[SUPPLIED RECORDS Boundary: Start]
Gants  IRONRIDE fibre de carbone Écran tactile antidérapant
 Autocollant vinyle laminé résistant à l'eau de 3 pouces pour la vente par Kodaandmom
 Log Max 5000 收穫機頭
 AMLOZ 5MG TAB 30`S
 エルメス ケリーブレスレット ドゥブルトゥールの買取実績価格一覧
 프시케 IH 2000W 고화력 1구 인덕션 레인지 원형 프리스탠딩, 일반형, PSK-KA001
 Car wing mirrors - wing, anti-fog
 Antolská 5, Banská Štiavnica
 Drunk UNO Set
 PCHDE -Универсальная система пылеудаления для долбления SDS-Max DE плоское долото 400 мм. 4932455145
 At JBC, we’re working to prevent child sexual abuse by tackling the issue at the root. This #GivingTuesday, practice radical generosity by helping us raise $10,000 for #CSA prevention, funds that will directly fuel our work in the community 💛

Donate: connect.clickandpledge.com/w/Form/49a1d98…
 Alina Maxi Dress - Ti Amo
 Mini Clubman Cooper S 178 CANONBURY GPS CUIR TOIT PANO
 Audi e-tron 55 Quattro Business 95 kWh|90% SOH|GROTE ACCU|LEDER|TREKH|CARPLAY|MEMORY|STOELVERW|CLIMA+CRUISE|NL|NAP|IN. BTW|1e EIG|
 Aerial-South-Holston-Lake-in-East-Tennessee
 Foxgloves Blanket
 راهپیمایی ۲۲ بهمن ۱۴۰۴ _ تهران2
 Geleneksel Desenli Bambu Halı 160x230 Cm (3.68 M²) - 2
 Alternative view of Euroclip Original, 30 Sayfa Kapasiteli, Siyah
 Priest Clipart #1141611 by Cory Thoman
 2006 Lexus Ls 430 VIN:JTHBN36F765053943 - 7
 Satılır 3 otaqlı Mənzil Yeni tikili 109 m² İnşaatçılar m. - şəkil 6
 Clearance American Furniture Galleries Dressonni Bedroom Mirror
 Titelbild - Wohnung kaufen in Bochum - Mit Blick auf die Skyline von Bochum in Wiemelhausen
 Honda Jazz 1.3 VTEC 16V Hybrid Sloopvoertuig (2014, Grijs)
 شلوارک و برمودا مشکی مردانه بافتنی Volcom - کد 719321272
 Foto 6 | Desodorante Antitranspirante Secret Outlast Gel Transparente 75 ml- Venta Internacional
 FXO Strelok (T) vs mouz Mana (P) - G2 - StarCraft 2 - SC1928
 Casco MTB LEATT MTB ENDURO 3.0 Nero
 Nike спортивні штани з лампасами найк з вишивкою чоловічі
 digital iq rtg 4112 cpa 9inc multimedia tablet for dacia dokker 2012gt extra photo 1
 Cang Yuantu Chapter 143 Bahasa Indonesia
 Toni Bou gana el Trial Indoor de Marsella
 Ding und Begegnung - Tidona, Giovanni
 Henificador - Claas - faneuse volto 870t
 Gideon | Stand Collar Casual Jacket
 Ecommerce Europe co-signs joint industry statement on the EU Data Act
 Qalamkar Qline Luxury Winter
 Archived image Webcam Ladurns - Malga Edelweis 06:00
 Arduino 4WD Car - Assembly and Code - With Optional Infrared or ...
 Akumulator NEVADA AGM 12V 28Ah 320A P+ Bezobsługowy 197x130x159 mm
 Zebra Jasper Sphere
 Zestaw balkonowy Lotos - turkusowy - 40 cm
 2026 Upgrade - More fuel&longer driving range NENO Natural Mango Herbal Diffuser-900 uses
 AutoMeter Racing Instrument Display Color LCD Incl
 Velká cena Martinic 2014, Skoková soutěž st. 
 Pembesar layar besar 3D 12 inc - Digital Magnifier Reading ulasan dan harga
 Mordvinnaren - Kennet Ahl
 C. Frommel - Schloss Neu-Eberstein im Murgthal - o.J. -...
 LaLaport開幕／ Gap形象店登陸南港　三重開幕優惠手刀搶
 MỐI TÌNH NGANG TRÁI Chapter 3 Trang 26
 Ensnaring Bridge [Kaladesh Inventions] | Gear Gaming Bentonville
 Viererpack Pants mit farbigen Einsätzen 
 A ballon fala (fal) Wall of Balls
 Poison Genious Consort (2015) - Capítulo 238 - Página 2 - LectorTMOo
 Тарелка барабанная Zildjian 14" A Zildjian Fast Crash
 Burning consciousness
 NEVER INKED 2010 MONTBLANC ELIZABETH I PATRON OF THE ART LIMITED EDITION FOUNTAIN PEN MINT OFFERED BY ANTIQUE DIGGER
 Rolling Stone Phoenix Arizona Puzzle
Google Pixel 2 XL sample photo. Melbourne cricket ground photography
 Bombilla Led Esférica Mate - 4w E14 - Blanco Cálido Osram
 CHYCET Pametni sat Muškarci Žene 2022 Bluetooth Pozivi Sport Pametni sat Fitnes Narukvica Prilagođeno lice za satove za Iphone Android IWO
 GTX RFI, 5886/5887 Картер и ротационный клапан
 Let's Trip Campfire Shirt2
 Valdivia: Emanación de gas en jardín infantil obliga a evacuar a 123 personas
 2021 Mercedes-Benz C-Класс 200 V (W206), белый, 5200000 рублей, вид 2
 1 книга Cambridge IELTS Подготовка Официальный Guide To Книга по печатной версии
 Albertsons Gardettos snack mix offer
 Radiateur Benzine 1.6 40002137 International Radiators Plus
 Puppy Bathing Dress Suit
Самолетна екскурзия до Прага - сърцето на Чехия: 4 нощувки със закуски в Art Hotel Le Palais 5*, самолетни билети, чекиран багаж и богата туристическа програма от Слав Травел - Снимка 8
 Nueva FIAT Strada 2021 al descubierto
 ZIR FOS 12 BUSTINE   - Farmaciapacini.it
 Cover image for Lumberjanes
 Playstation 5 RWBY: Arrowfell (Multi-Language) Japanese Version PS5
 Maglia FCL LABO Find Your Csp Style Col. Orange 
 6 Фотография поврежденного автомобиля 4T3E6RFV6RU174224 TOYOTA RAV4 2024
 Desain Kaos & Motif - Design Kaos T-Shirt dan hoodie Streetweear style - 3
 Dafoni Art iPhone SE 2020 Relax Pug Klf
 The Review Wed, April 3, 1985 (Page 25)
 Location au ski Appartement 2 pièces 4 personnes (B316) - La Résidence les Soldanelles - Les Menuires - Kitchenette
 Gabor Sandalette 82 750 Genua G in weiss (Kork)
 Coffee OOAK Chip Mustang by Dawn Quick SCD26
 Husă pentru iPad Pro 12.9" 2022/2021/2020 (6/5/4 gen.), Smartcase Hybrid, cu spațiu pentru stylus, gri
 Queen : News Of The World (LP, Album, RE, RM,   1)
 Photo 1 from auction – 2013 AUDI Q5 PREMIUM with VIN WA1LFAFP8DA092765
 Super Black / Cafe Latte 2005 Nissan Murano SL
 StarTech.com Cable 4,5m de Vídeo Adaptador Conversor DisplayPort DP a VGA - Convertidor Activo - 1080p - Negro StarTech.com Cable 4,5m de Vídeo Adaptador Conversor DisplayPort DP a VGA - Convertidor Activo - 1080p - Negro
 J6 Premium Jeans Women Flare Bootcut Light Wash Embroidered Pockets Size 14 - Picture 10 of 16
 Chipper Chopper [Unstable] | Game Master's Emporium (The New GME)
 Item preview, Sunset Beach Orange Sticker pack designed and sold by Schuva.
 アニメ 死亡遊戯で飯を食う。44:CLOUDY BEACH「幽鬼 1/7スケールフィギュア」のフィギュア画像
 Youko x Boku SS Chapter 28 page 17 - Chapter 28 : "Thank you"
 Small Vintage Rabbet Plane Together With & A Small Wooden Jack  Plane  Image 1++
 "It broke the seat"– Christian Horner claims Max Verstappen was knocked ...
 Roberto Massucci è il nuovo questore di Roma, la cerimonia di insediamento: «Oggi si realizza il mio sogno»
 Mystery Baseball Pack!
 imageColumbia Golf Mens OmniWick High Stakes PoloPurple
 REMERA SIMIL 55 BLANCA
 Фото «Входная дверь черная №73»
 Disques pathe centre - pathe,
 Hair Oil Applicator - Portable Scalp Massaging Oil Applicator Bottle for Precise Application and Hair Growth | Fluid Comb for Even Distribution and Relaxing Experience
[SUPPLIED RECORDS Boundary: End]
§ TASK DIRECTIONS: Copy range, inclusive: the line holding "Archived image Webcam" to the line holding "Pembesar layar besar". Reproduce exactly those lines of the records above and no others.

§ YOUR SOLUTION:
 Archived image Webcam Ladurns - Malga Edelweis 06:00
 Arduino 4WD Car - Assembly and Code - With Optional Infrared or ...
 Akumulator NEVADA AGM 12V 28Ah 320A P+ Bezobsługowy 197x130x159 mm
 Zebra Jasper Sphere
 Zestaw balkonowy Lotos - turkusowy - 40 cm
 2026 Upgrade - More fuel&longer driving range NENO Natural Mango Herbal Diffuser-900 uses
 AutoMeter Racing Instrument Display Color LCD Incl
 Velká cena Martinic 2014, Skoková soutěž st. 
 Pembesar layar besar 3D 12 inc - Digital Magnifier Reading ulasan dan harga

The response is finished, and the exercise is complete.